Assign8: Support Vector Classification

Due Date: Nov 25, before midnight (11:59:59PM)

Dataset

Download the Steel Industry Energy Consumption Dataset from the UCI Machine Learning repository. Extract the Steel_industry_data.csv datafile. You should parse and store the data as a data matrix, focusing only on the 6 continuous attributes (see datafile or link above for names/descriptions). Thus, your data matrix will have 35040 points in 6 dimensions. However, in addition you should record the last attribute (load type) for each point. We will use this as the class label. However, instead of three classes, we will use 'Light Load' as the positive class (+1) and the other two classes (combined) as the negative class (-1), so that we get a binary classification task.

First use random seed 42, and np.random.permutation to permute the points, and select only the first 2000 points as the initial dataset. Next, Use sklearn.train_test_split, using 42 as the random_state, to create the training and testing data, using 80-20 split (i.e., 80% of the data as training and the remaining 20% as testing). So the training set will have 1600 points and testing points 400 points.

Part I: SVM

You will implement the dual SVM Algorithm 21.1 (Chapter 21, page 540), using hinge loss.

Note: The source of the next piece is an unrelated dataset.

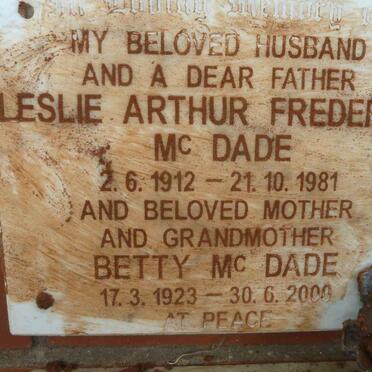 McDADE Leslie Arthur Frederick 1912-1981 &amp; Betty 1923-2000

You must implement two kernels, namely, both linear and Gaussian. You must select the best $C$ value using the validation set, and the same goes for the spread parameter $\sigma^2$ for the Gaussian kernel.

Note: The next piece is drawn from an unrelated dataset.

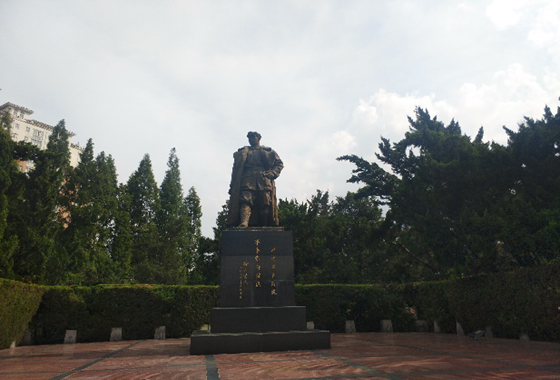 外国语学院翻译医生实践团队赴皋陶故里六安市皖西烈士陵园为烈士高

Report the test accuracy for the different kernels, and the best value of the hyperparameters, that should be selected based on the validation accuracy.

Accuracy is defined as the number of correct predictions over the number of points in a given dataset (e.g., validation set or testing set).

CSCI6390

In addition, you must also implement the inhomogeneous polynomial kernel. You need to select the best degree and $C$ value.

Report the test accuracy and the best hyperparameters used based on the validation accuracy.

Part II: Questions

Submit your solutions to the following questions:

Chapter 21: Q1, Q2
Chapter 25: Q1

What to submit

Submit your notebook named as assign8.ipynb. Include your paper-pencil answers as images in the notebook as well.

Policy on Academic Honesty

You are free to discuss how to tackle the assignment, but all coding must be your own. Any AI tool use must be declared. Any students caught violating the academic honesty principle (e.g., code similarity, or failure to disclose AI tools) will get an automatic F grade on the course and will be referred to the dean of students for disciplinary action.